Published: February 8, 2013

Here are some free and not-so-free smartphone apps that can help lawyers along.

Prismatic (getprismatic.com). Prismatic creates what amounts to a personal RSS feed from your own social network pages, combining interest-information and news sharing. Users choose what to hear about from their Twitter, Google+, and Facebook. Currently only for iOS; getting rave reviews.

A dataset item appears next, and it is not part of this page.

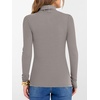 image:imageANRABESS Womens Long Sleeve Turtleneck Shirts Fall Ribbed Fitted TopsGray Khaki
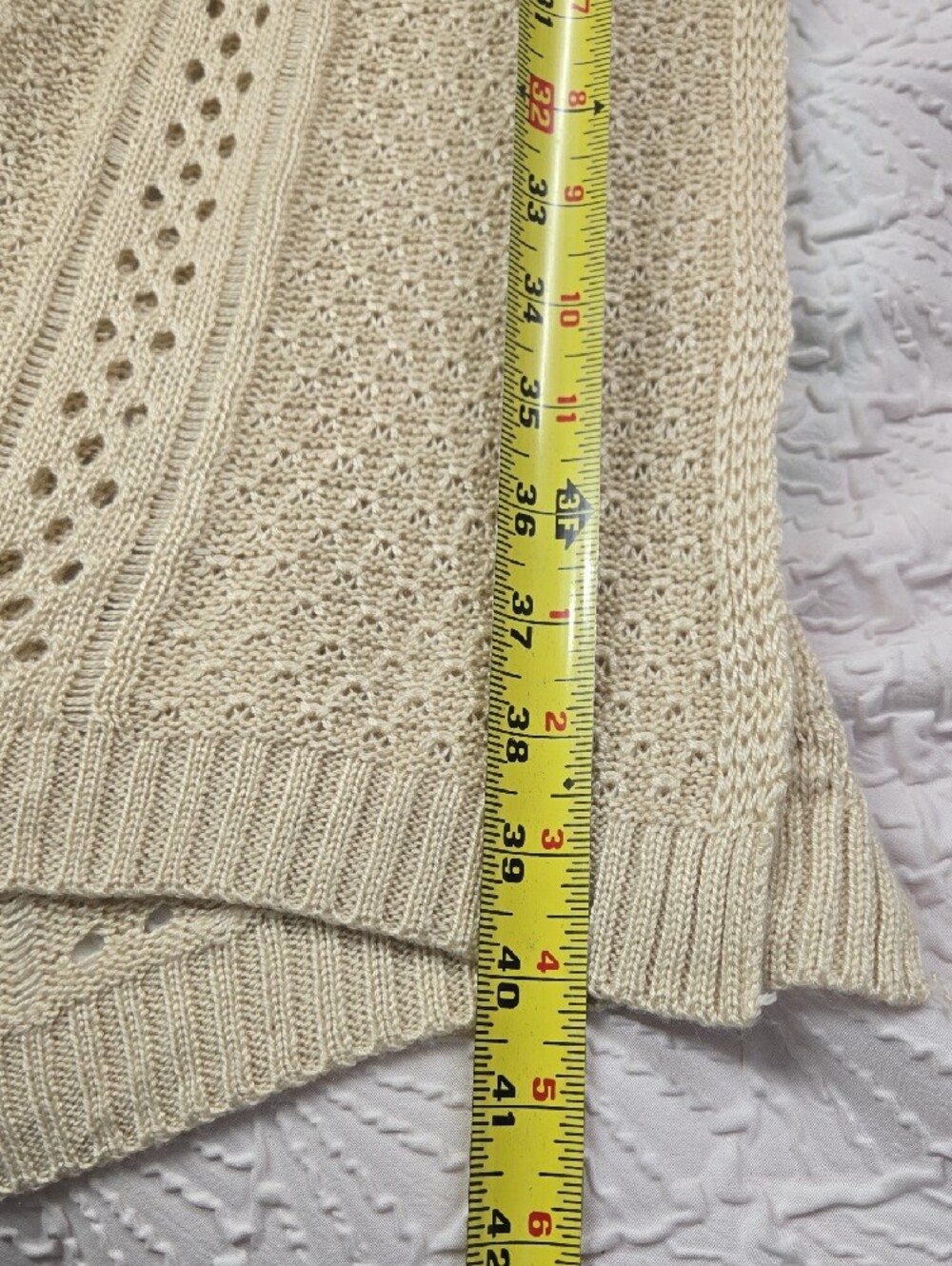 Alya Cream Open-Knit Sleeveless Vest - Picture 6 of 8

CloudOn. (in the Google or iOS app store; free). CloudOn brings Microsoft Office (all of it) to your device through cloud computing and links it to your Box, Dropbox, Google Drive and SkyDrive accounts. Also view .pdfs and fill out.pdf forms. It can also access your cloud storage accounts. Powerful and well-reviewed.

Sparrow (three bucks). This app unifies all of your email addresses into one inbox. iPhone only and does not yet have push capabilities, but is well-reviewed. Provides “an efficient and pleasant emailing experience.”

Paper. This is a drawing program for the iPad that takes your funky scribbles and turns them into polished sketches. Sort of a smart whiteboard. For non-artists who need to share ideas in drawn form with friends (via Tumblr, FB or Twitter) or juries. Basic app is free, extra tools will cost you.

Pocket (which used to be known as ReadItLater). Save interesting things found online and read them later. Share across devices. Pocket creates thumbnails of the saved material, and can save into Evernote. Free.

Zite. Free push-news app designed to get smarter about what you want to read or see over time. Kind of a more disciplined, push-based cross between StumbleUpon and Google News.

Google Drive. A very powerful way to manage content on a handheld device.

Brewster. A contact management tool that combines all of your social platform contact information into one “book” interface. It uses images and tiles rather than text.

Khan Academy. Want a quick overview of a topic before an expert testifies? Khan Academy stores over 3500 free video tutorials on a wide range of topics, including K-12 math, science topics such as biology, chemistry, and physics, and the humanities with playlists on finance and history.

Remember: don’t buy a smartphone that is smarter than you. Then the client will want to hire the phone.